Compared with our close relatives among primates, humans stand out in asking questions in ways they don’t. We have something like command gestures among primates (”move over”, ”give me food”) (Byrne et al. 2017), but reports of questions and answers among primates are very rare, virtually non-existent. In contrast, some reports suggest that the average four-year old girl asks 400 questions in a day. Children start asking questions without being told to do so, and questioning behaviour is found well before infants have a command of language.
The role of questions has been underexamined in the study of the evolution of language (Jordania 2006 is a notable exception). There is an apparently obvious reason for this: asking questions requires using a language, so how could we come to draw conclusions about the evolution of language from the study of questions? Not so fast. It is clear that even pre-linguistic children are inquisitive in a way that other animals are not, and it should also be clear that this inquisitiveness plays a vital role in learning a language. This inquisitiveness must have evolved in tandem with the evolution of language.
This questioning behaviour is different from the general curiousity we find in other animals (Carruthers 2018). Many animals spend time examining their surroundings; human infants also spend time examining what their care-givers can inform them about the surroundings, and they use prompts to get at such information. It is clear that this is a farreaching difference between human children and non-human animals, something that goes to the question of possible continuities and discontinues between humans and non-human animals. And this difference is relevant to the use and learning of a language. In fact, it is hard to understand how someone could learn a full language without having the ability to raise questions.
Here, we have a chicken-and-egg problem. Only language-users raise questions, but it also seems that you couldn’t learn a language without asking questions. There must be ways around this problem (since we have solved it), and these ways tell us something about how humans are geared towards learning a language.
One aspect of asking questions points to a special role for prosocial behaviour: extensive asking of questions would not have evolved without a certain level of epistemic trust. If questions asked were regularly answered in a misleading way, there would be little room for this practice to evolve. Asking questions is an outgrowth of a prosociality which would have been in evidence already before the advent of homo sapiens.

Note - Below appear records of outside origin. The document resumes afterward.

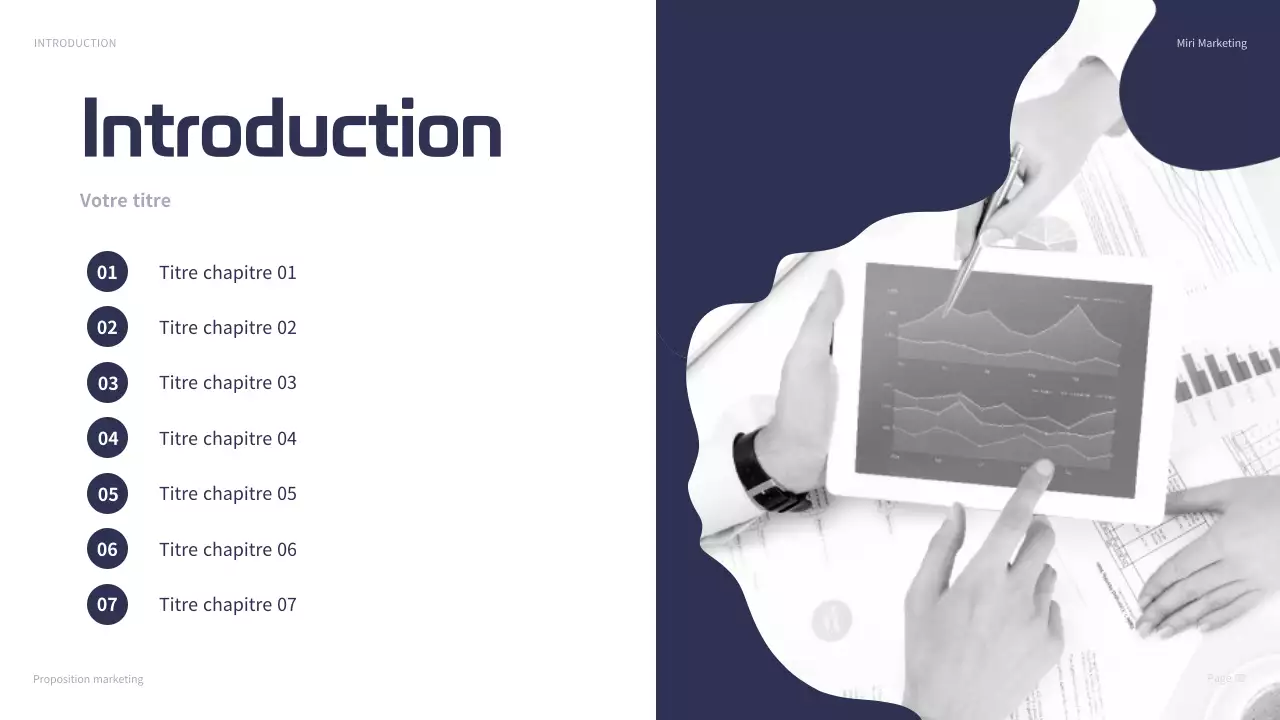 présentation du marketing moderne de la marine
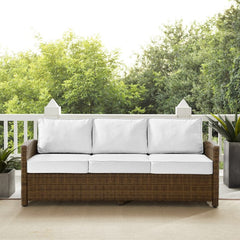 Crosley Bradenton 80.50 Inch Outdoor Wicker Sofa - KO70049 - The Home Selection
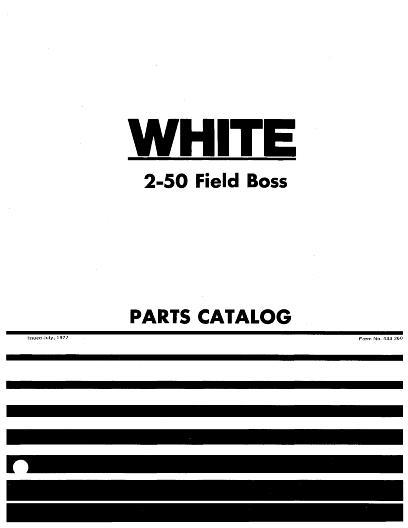 AGCO 2-50 Tractor Parts Book 433260A English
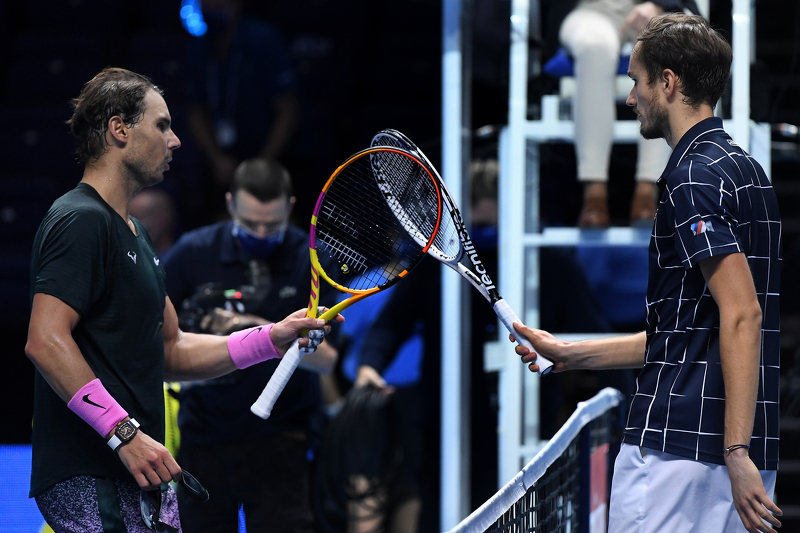 Rafael Nadal i Daniil Medvedev (Foto: EPA-EFE)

Dennett (2017:97ff) has described different levels of cognitive systems: Darwinian, Skinnerian, Popperian and Gregorian. We should add another level: Collingwoodian, after R. G. Collingwood (1889–1943), who emphasized the role of questions in human cognition. Only Collingwoodian creatures are language users and learners. This level should come between the Popperian and the Gregorian. Only askers of questions can be Gregorian, but asking questions goes beyond being a Popperian creature.

Byrne, R. W., E. Cartmill, E. Genty, K. E. Graham, C. Hobaiter & J. Tanner (2017), “Great ape gestures: intentional communication with a rich set of innate signals”, Animal Cognition 2017; 20:755–769.
Carruthers, P. (2018), “Basic questions”, Mind & Language. 2018; 33:130–147.
Collingwood, R. G. (2013), An Autobiography, Oxford: Oxford University Press, 1939; revised edition, R.G. Collingwood: An Autobiography and other writings, with essays on Collingwood’s life and work, edited by David Boucher and Teresa Smith, Oxford: Oxford University Press, 2013.
Dennett, D. (2017), From bacteria to Bach and back, New York, Norton Publ.
Jordania, J. (2006), Who asked the first question? The origins of human choral singing, intelligence, language and speech. Tblisi: Logos.